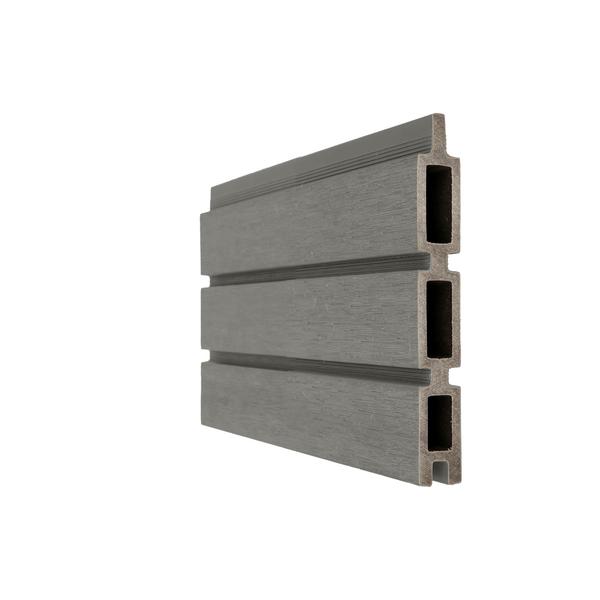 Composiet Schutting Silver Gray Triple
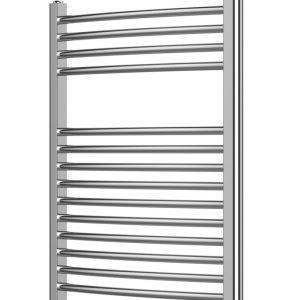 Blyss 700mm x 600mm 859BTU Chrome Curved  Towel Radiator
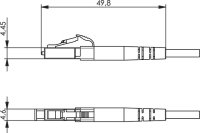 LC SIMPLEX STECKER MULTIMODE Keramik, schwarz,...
····················
Task directions: Print all of the material exactly. Omit pictures.

Solution to the exercise:
 Composiet Schutting Silver Gray Triple
 Blyss 700mm x 600mm 859BTU Chrome Curved  Towel Radiator
 LC SIMPLEX STECKER MULTIMODE Keramik, schwarz,...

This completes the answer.